Anna Ridler is a London-based artist whose practice uses technology, and in particular machine learning, to investigate how naming, classification and financial speculation determine what can be seen and what is erased. Working from handmade archives, she has spent over a decade building her own datasets by hand and training neural networks on them — cataloguing ten thousand tulips, collecting every iris indexed by the internet — to expose the labour and ideology embedded in the systems that organise the visible world. She began working with machine learning as an artistic material in 2017, at a moment when the technology required building every dataset by hand; that constraint became the foundation of the practice.
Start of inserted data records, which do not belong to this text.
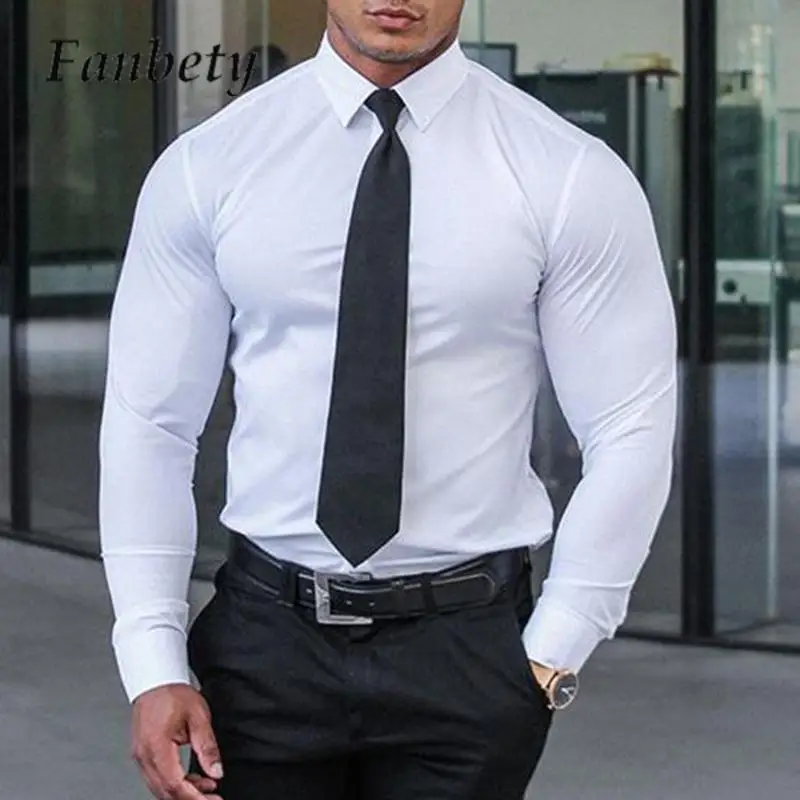 

2023 Autumn Men's Business Shirt Simple Long-sleeved Button Cardigan Tops Office Lapel Collar Slim Fit Formal Male Shirt Quality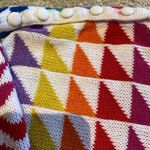 LB Diffusion VTG Geometric Rainbow Linen Raime Puff Sleeve Neck Button Detail 1X Yellow Photo 4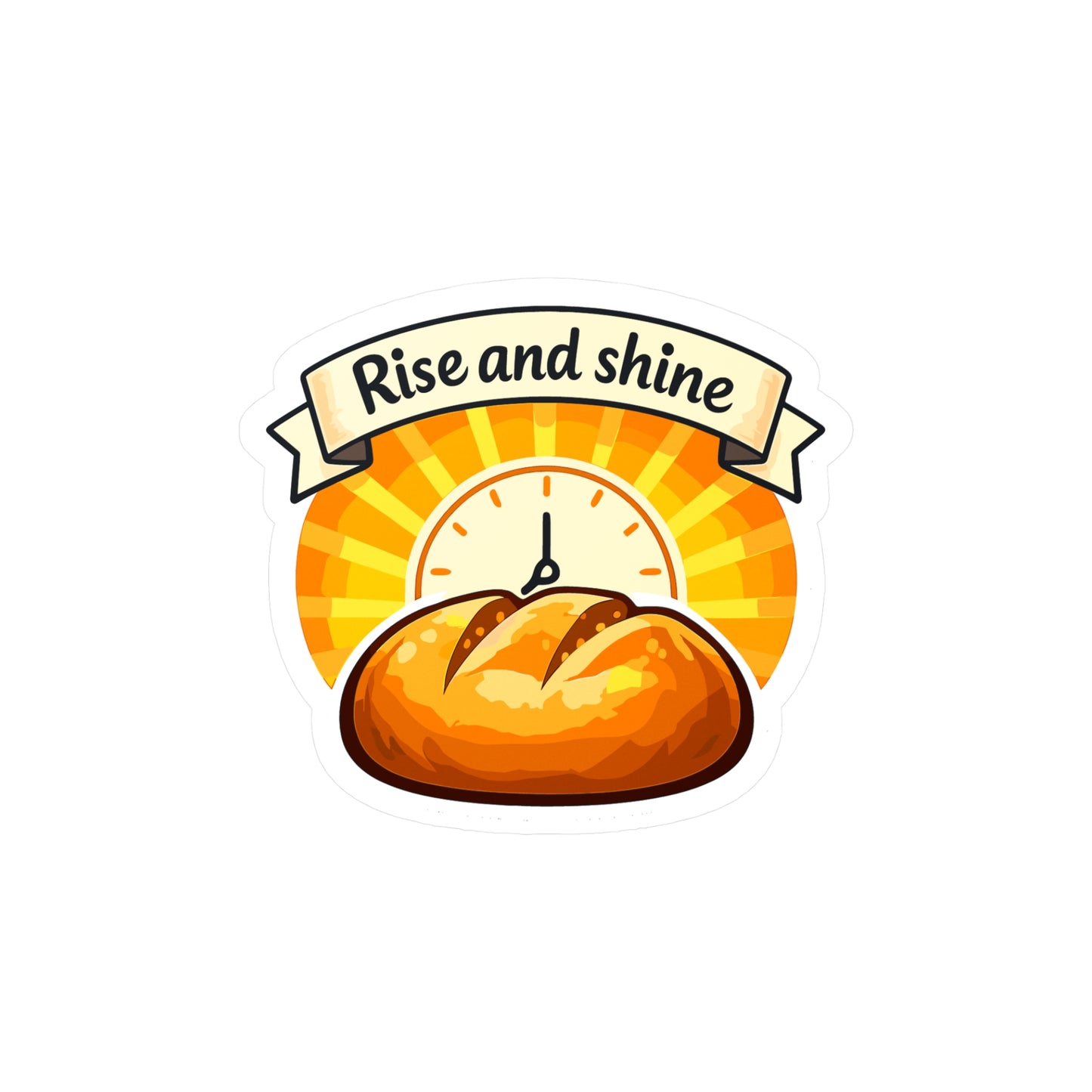 Baking Sticker Rise and Shine Sourdough Baker Decals Waterproof Vinyl for Laptop Water Bottle Funny Soggy Bread Design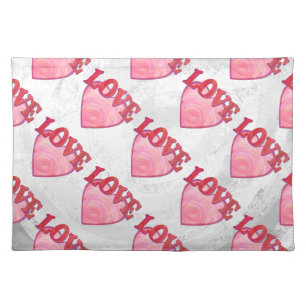 Pink Love Heart Pattern Cloth Placemat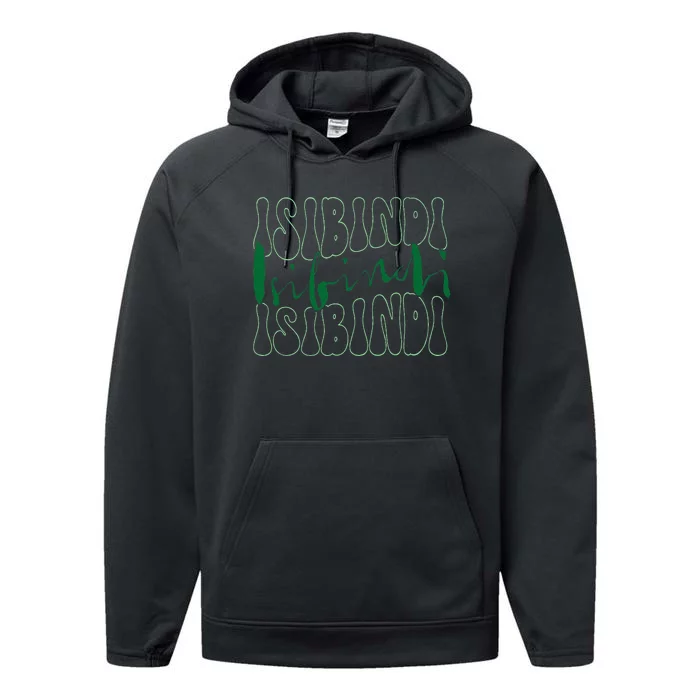 Isibindi Bold Groovy Retro Typography Inspirational Performance Fleece Hoodie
Her most recognised works connect seventeenth-century Dutch tulip speculation to contemporary cryptocurrency markets. A neural network trained on those hand-labelled photographs, for example, generates images whose form is controlled by the price of Bitcoin — both systems driven by the same logic of value divorced from physical reality. Botanical taxonomy, financial instruments, temporal systems and machine-vision algorithms surface, across the practice, as parallel structures for the same underlying operation: the imposition of order onto the living world and the extraction of value from it. Much of the work is designed to resist that operation from within its own infrastructure - NFTs programmed to disappear after a week, works impossible to sell above their original price, tokens that can only be traded at the hour of low tide - introducing deliberate friction into the systems it critiques rather than merely describing them.
Her work is held in the permanent collections of the Whitney Museum of American Art, the Victoria and Albert Museum, M+ Hong Kong and ZKM Karlsruhe. Recent solo exhibitions include Time Blooms at the Buk Seoul Museum of Art (2025) and Circadian Bloom at ZKM Karlsruhe (2023). Recent commissions include works for the Schwarzman Centre for the Humanities at the University of Oxford (2026), Kunsthaus Graz and Diriyah Art Futures, Riyadh. She has exhibited at the Barbican Centre, the Taipei Fine Arts Museum and the MIT Museum. She is represented by Galerie Nagel Draxler.
Ridler was named ABS Digital Artist of the Year in 2025. She holds an MA from the Royal College of Art and a BA in English Literature from Oxford University, and was a European Union EMAP fellow and the winner of the 2018-2019 DARE Art Prize.